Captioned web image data

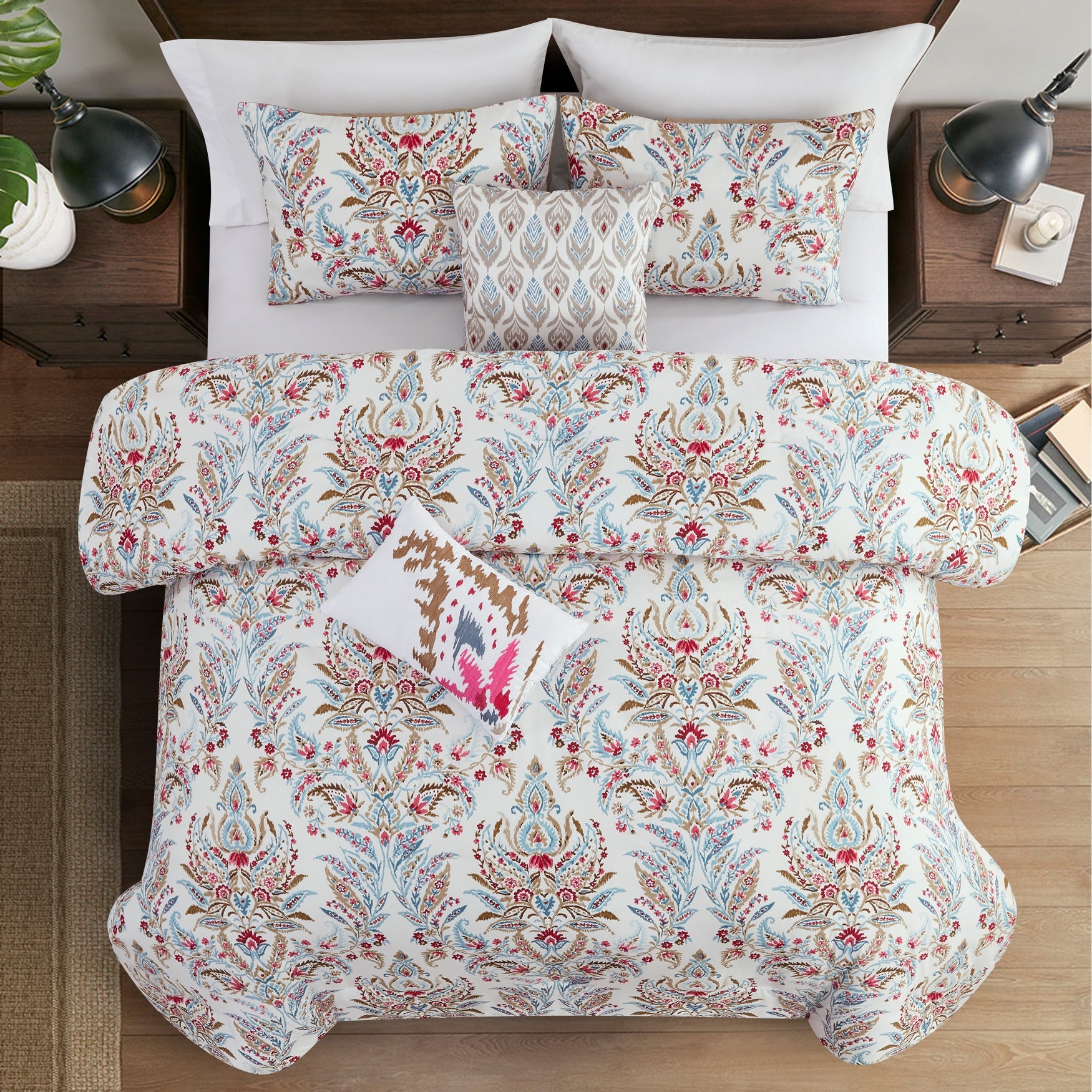 Marcel 5-Piece Comforter Set image number 5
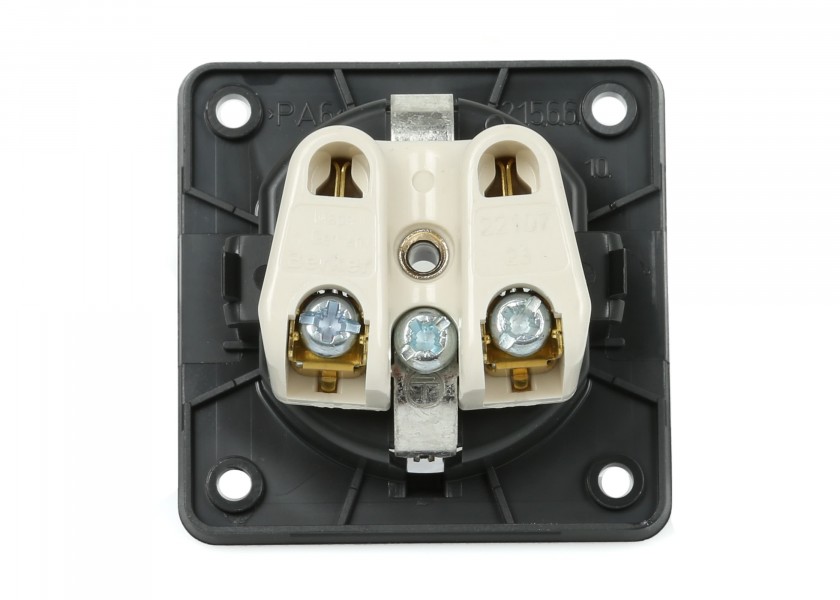 Купить BERKER 941852505 INTEGRO FLOW Розетка/антрацитовый коврик 48474-bvs 7ft.ru в интернет магазине Семь Футов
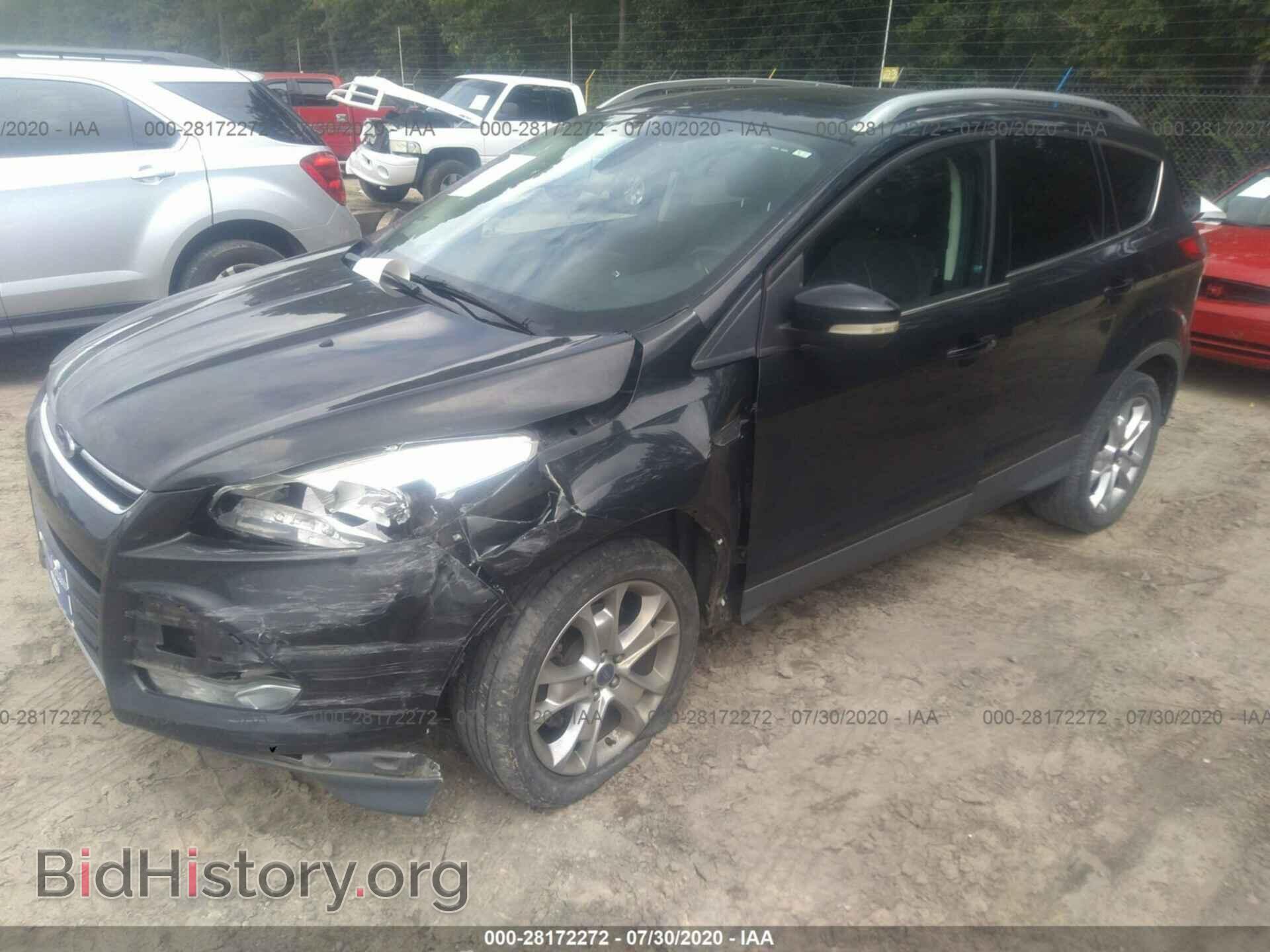 2014 FORD ESCAPE - VIN: 1FMCU9J95EUD33230 - Photo 2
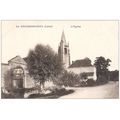42 - La Bénissons-Dieu - l'église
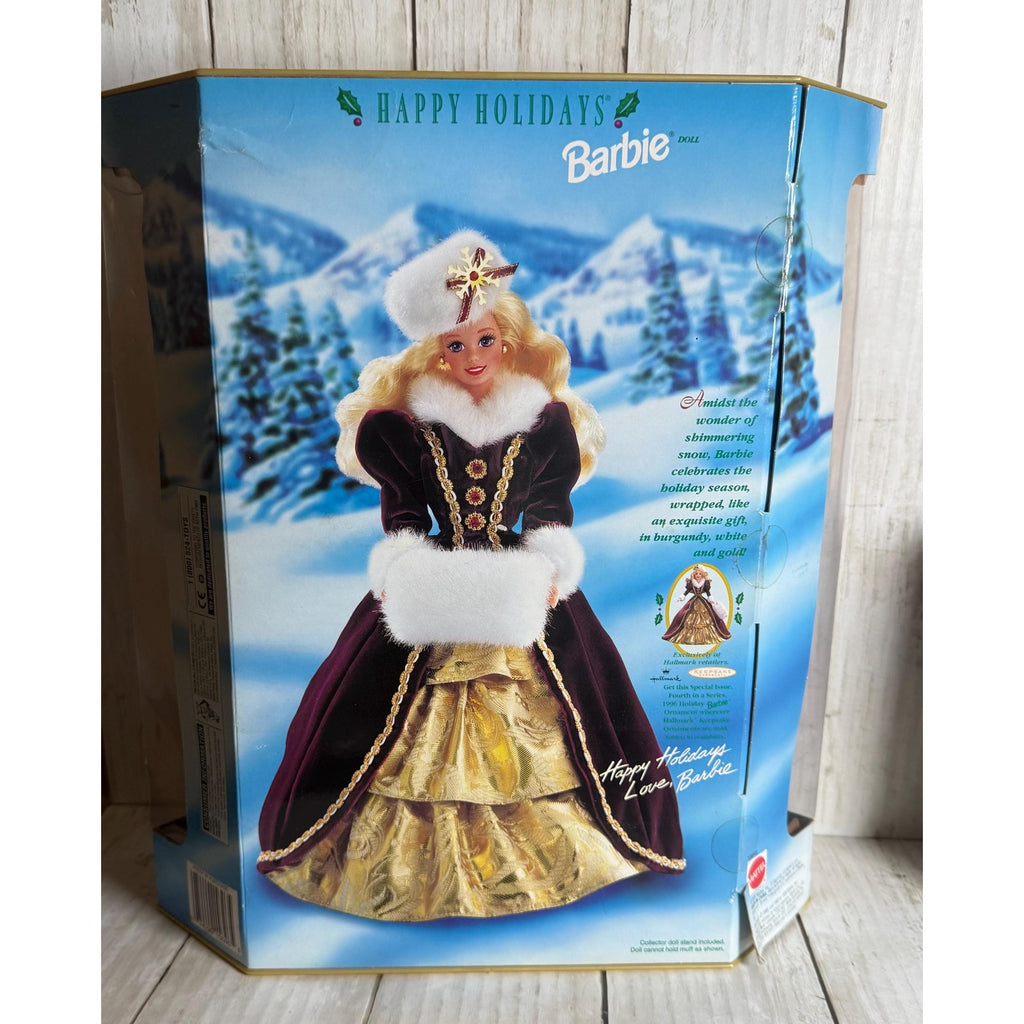 1996 Special Edition Holiday Barbie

» **Exercise details**
Transcribe, word for word, the line holding "2014 FORD ESCAPE" and all lines after it in the entries above, ending with the last. Only those lines; no pictures.

» **Result of this exercise**
 2014 FORD ESCAPE - VIN: 1FMCU9J95EUD33230 - Photo 2
42 - La Bénissons-Dieu - l'église
 1996 Special Edition Holiday Barbie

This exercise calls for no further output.